La conclusione della causa non migliorò i rapporti tra monaci e monteverdini: negli anni successivi le tensioni andarono aumentando sfociando nuovamente nella citazione in giudizio del 1750. I temi di questa causa furono riproposti con maggior forza nel 1778 con argomentazioni, da parte dei monteverdini, che misero in dubbio l’origine del potere abbaziale mirando a sgretolare le fondamenta stesse sulle quali nei secoli furono costruiti gli obblighi e le servitù che asfissiavano gli abitanti del castello e delle campagne di Monteverdi.

Rimangono oscuri i motivi per cui i Comunisti o i loro procuratori legali non produssero direttamente il documento del 1392 su cui ampiamente si basò il Torelli nell’esame della causa e che fece pendere la bilancia della giustizia in loro favore: suscita perplessità che i monteverdini potessero aver rimosso ogni memoria storica e di archivio di un contratto a loro favorevole, mentre risulta certo, come appare da documenti successivi, che i loro avvocati non ebbero accesso all’archivio di Vallombrosa; invece l’ipotesi che pur conoscendo i monteverdini ed i loro legali l’atto del 1392 non lo utilizzassero perché comprovante diritti certi, ma minimi rispetto alle richieste, sottintende un’ardita e complessa strategia processuale. Dal canto loro i monaci godettero del raro privilegio di un archivio storico privato, che setacciarono a fondo operando una attenta selezione degli atti utili alla difesa. Curiosamente questo stesso documento, ripresentato nella causa avviata il primo dicembre 1778 che oppose il Comune di Monteverdi alla Badia e all’Assessore Jacopo Paoletti, diventato dal 1783 unico livellario perpetuo dei beni abbaziali, fu ricopiato nel 1784 dall’originale esistente nelle mani dello stesso Paoletti, poiché non ne esisteva più copia presso l’archivio di Vallombrosa.

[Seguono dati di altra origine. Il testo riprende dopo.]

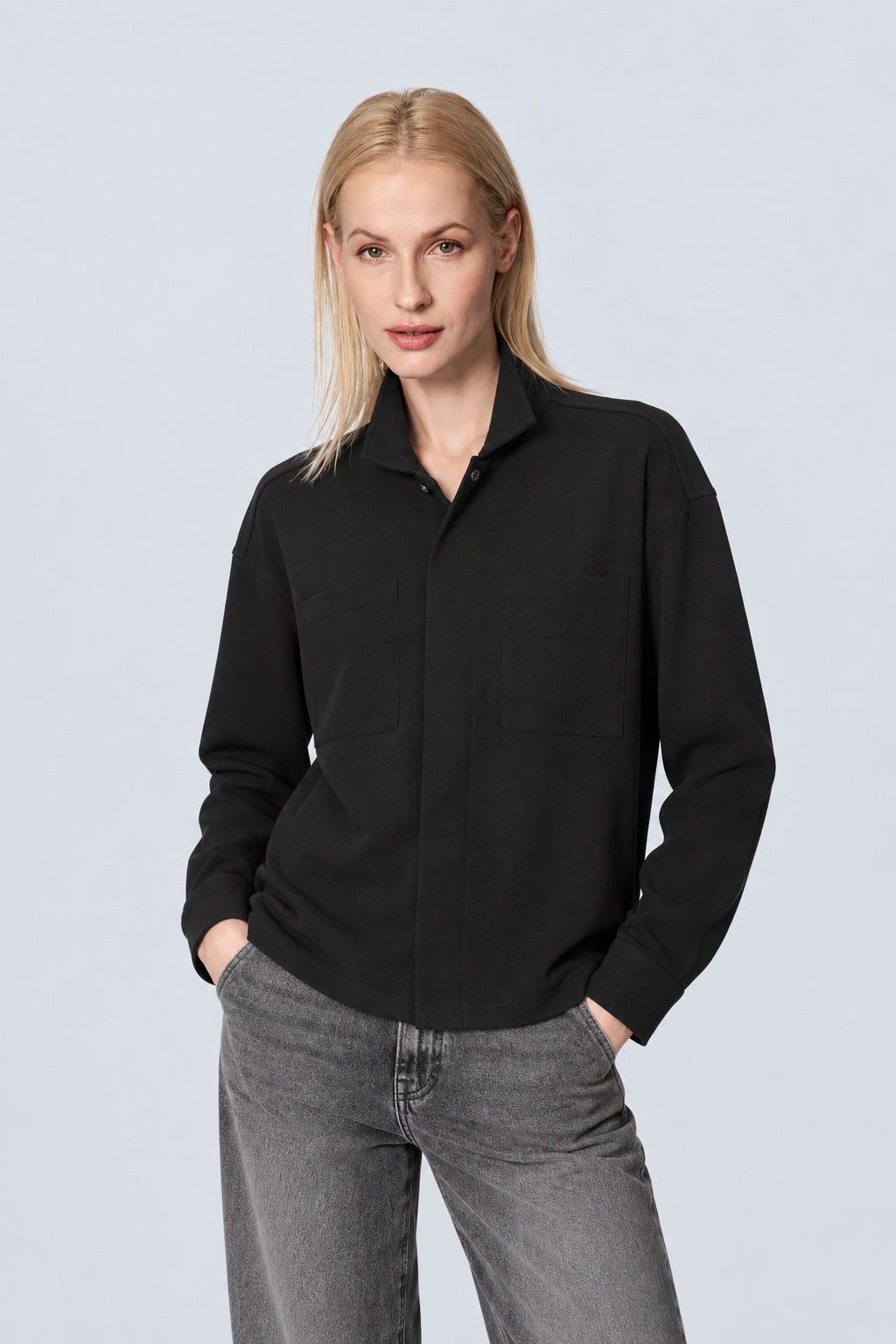 Sweat‑Jacke aus Baumwoll‑Mix mit Hemdkragen und Brusttaschen in black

[1] I corsivi non altrimenti specificati sono tratti da: Sententia dei Magnifici Sigg. Nove Conservadori della Giurisdizione, e Domino Fiorentino in fra li RR. Monaci della Badia di Valembrosa per conto della Badia di Monteverdi, &la Comunità, & Uomini di Monteverdi. Per Relazione del Magn. & Eccel. M. Lelio Torelli. Doc. num. XXIV in Sommario di documenti nella causa Volaterrana seu Montisviridis manutention. Archivio Storico Comunale di Monteverdi Marittimo.

[2] L’edizione del 1325 è in F. Alunno, Lo Statuto trecentesco di Monteverdi, tesi di laurea Università degli Studi   

  di Firenze, a.a. 1995/96. Il testo è disponibile all’indirizzo Internet: www.idr.unipi.it/iura-  

  communia/Monteverdi_stat.html

[3] E. Repetti, Dizionario geografico fisico storico della Toscana, Firenze 1839, vol.V,  pag.552.

[4] L. Giannecchini-V. Sguazzi, Suvereto Storia, Lucca 1972, pag. 75

[5] L. Giannecchini-V. Sguazzi, op. cit, pag. 106

[6] M. Bartolini, Sassetta primo feudo mediceo, Livorno 1990, pag. 254.

[7] G.E. Franceschini, Lo statuto di Monterotondo Marittimo, Siena 1997, pag. 88.

[8] G. Bianchini, Dei Granduchi di Toscana, ragionamenti istorici, Venezia, 1741, pagg. 11 e 15.

[9] Si veda in proposito: A. Stussi, Un testo volgare del primo trecento di Monteverdi Marittimo, estratto da Testi e Interpretazioni, Ricciardi ed.,  Milano 1978.